■ **TRY IT**:
Transcribe every line from the one containing "Moritz Seider (r./" to the end of the listing, exactly as written, and leave out the pictures.

■ **MATERIAL PROVIDED**:
==================================================
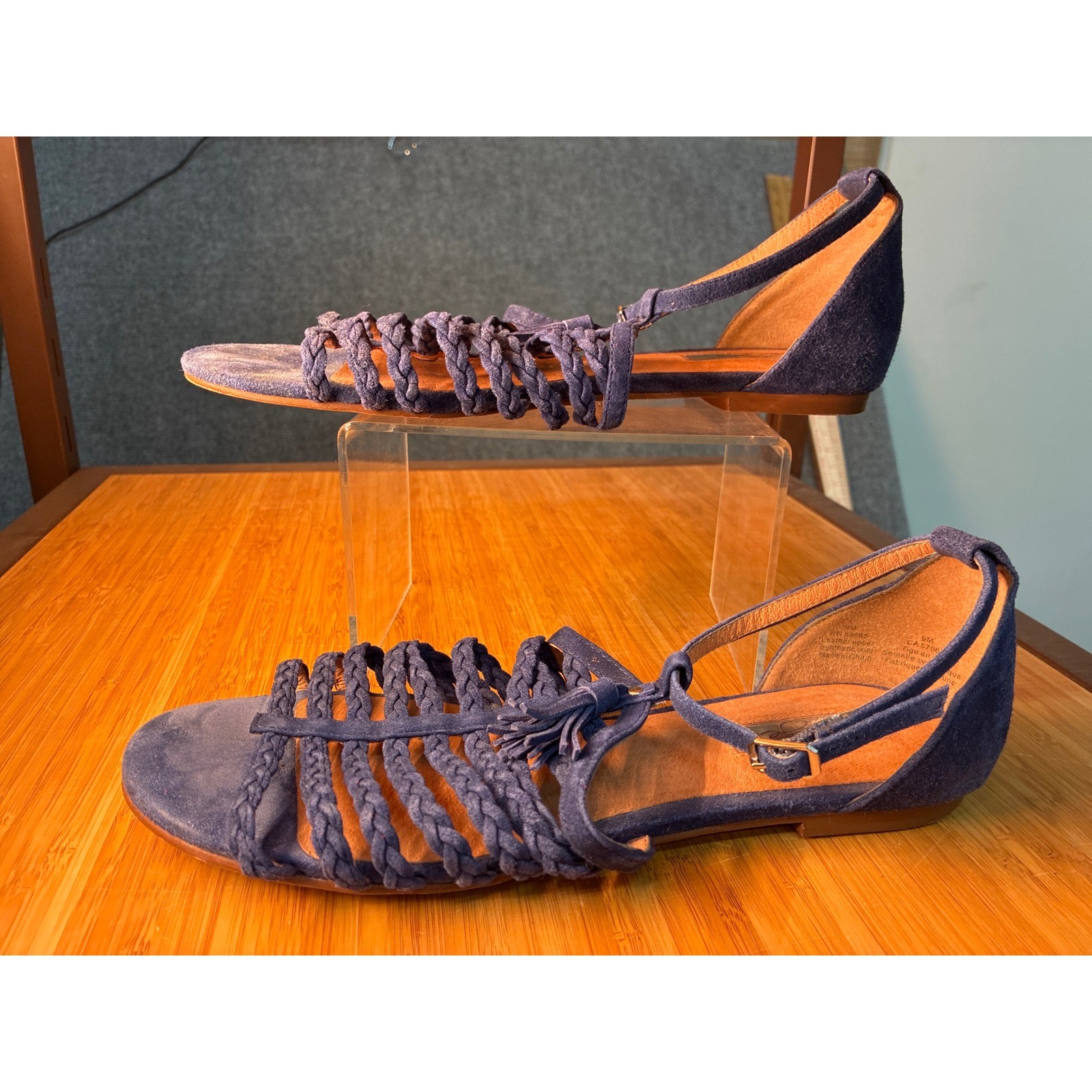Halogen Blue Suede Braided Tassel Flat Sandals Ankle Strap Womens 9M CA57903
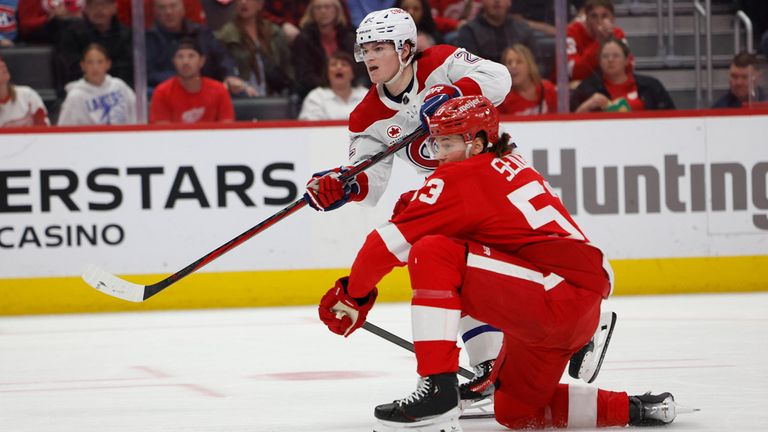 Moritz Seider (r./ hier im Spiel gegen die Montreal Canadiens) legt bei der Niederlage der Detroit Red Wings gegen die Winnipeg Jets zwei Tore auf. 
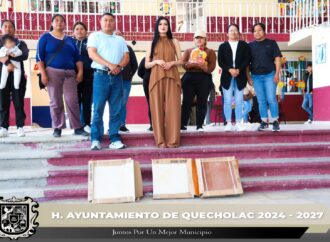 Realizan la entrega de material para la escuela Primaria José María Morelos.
==================================================
■ **ANSWER SPACE**:
 Moritz Seider (r./ hier im Spiel gegen die Montreal Canadiens) legt bei der Niederlage der Detroit Red Wings gegen die Winnipeg Jets zwei Tore auf. 
 Realizan la entrega de material para la escuela Primaria José María Morelos.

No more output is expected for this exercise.